Scientists from the Indian Institute of Astrophysics identified the solar source of this storm in a study published in The Astrophysical Journal. Lead author Dr. P. Vemareddy noted the storm’s unexpected strength, given its launch from a region of the Sun’s relatively weak magnetic fields.
Their analysis revealed that the rotation of the CME, influenced by magnetic forces, played a crucial role. The CME structure rotated approximately 56 degrees clockwise during its journey from the Sun to Earth, aligning its magnetic fields south relative to Earth’s magnetic field. This alignment facilitated an efficient interaction with the Earth’s magnetic field, resulting in a powerful geomagnetic storm.

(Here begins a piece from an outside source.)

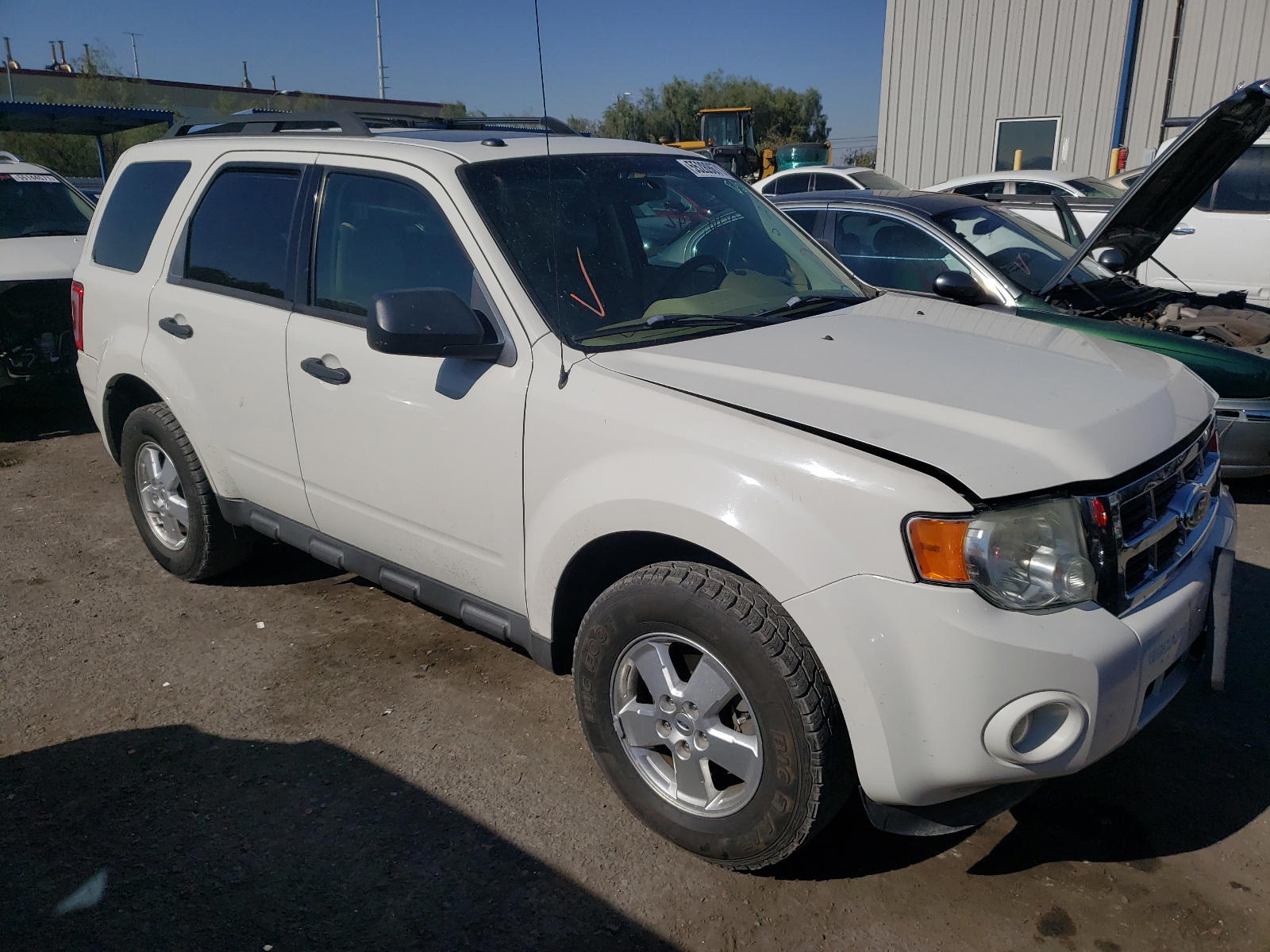 FORD ESCAPE XLT 2011 with VIN 1FMCU9DG1BKA51099 - Photo from auction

The study highlights the importance of understanding the whole picture of CMEs, including their magnetic structure and evolutionary mechanisms. With the launch of the Aditya-L1 space observatory, researchers expect to gain more insights into CME behavior. The Visible Emission Line Coronagraph (VELC) instrument on board Aditya-L1 will provide important imaging observations near the Sun, helping to better understand CME dynamics, from their origin to their impact on Earth’s space environment.